This article is Part One of a three-part leadership series featuring UMBC President Valerie Sheares Ashby in conversation with Tyrone “Doc T” Taborn. The series explores legacy, inclusive excellence, and the future of higher education through the lens of values-driven leadership.
When Dr. Valerie Sheares Ashby speaks about excellence, she does not speak in abstractions. She speaks with conviction, clarity, and lived experience—grounded in a belief that excellence and inclusion are not competing ideas, but inseparable truths.
That belief did not originate with her presidency. At UMBC, it has a name.
Dr. Freeman A. Hrabowski III.
This first installment of a three-part series begins not with transition, but with continuity—because no conversation about UMBC’s present or future can begin without reckoning with the legacy of the man who transformed the institution and redefined what excellence looks like in American higher education.
Freeman Hrabowski: The Architect of Modern UMBC
To lead UMBC is to inherit one of the most respected and consequential presidencies in modern higher education. Dr. Freeman A. Hrabowski III did not merely grow a university—he changed the national narrative about who belongs in STEM, who succeeds in research, and what public universities owe the students they serve.
President Ashby does not speak of that legacy lightly.
“Freeman Hrabowski didn’t just lead UMBC,” she says. “He changed lives at scale. He proved—without question—that talent is universal and opportunity must be intentional.”
Under Hrabowski’s leadership, UMBC rose into the top tier of American research institutions while simultaneously becoming a national model for student success, particularly for students from underrepresented and underestimated communities.
“There are presidents who manage institutions,” Ashby reflects, “and then there are presidents who move the country. Freeman is the latter.”
What distinguished Hrabowski was not rhetoric, but execution. Programs like the Meyerhoff Scholars Program did more than increase participation in STEM—they demonstrated what happens when excellence is pursued without exclusion.
“What Freeman understood better than almost anyone,” Ashby notes, “is that brilliance shows up everywhere—but systems don’t always know how to recognize it. UMBC became a place that learned how.”
The Meyerhoff Legacy: Proof, Not Promise
Last week, UMBC celebrated the birthday of Robert Meyerhoff, whose vision—realized under Hrabowski’s leadership—became one of the most impactful STEM initiatives in the nation.
After earning a civil engineering degree from the Massachusetts Institute of Technology in 1944 and serving as an officer in the U.S. Navy Civil Engineers Corps, Meyerhoff established the Meyerhoff Scholars Program at UMBC in 1988. His goal was clear: increase the participation of promising and outstanding students in science, technology, engineering, and math.

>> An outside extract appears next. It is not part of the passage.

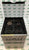 Stoves DF500 DIT Oven / Grill / Hob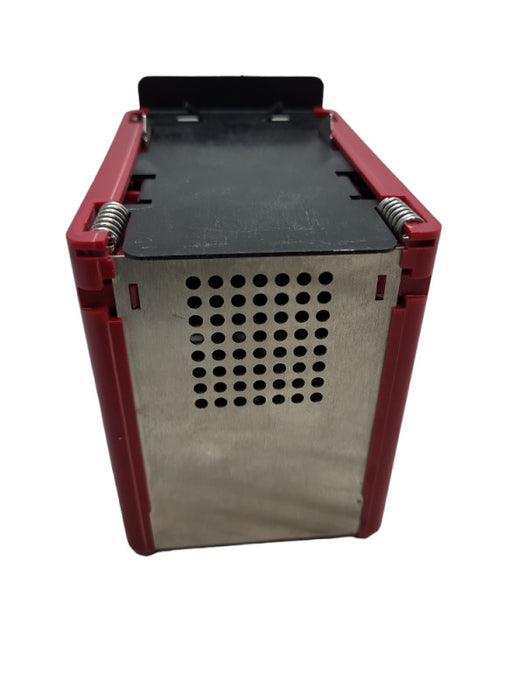 RED LION CONTROLS DATA STATION PLUS DSP DSPSX000 &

Today, that vision is reflected in results. According to the program, more than 1,400 alumni are working in STEM fields across the United States, and more than 300 graduates are currently pursuing graduate and professional degrees in STEM disciplines.
For Ashby, the Meyerhoff Scholars Program represents the clearest articulation of Hrabowski’s philosophy.
“That’s not accidental success,” she says. “That’s intentional excellence.”
Why Following Freeman Required Preparation
Ashby is clear-eyed about what it means to lead after a president of Hrabowski’s stature.
“I don’t see myself as following Freeman,” she says. “I see myself as standing on his shoulders.”
That framing matters. UMBC did not need reinvention. It needed stewardship—someone capable of protecting, extending, and defending a hard-won legacy.
Ashby’s background helps explain why the University System of Maryland Board of Regents saw her as that leader.
A President Forged for Stewardship
In April 2026, it will be four years since the Board of Regents named Valerie Sheares Ashby UMBC’s sixth president and the first woman to hold the role.
Her presidency has coincided with continued institutional ascent. UMBC was recently recognized as one of only three institutions in Maryland to earn both Carnegie R1 research status and designation as a Carnegie Community Engaged Campus. This distinction places UMBC among the top five percent of research universities in the United States.
The Community Engagement Classification, renewed for another six years, honors institutions that collaborate with public and private partners to share knowledge, support research and creative work, and advance the public good.
For Ashby, the recognition reflects Hrabowski’s blueprint in action.
“Research excellence and community engagement are not opposites,” she says. “That’s something Freeman demonstrated long before it was fashionable.”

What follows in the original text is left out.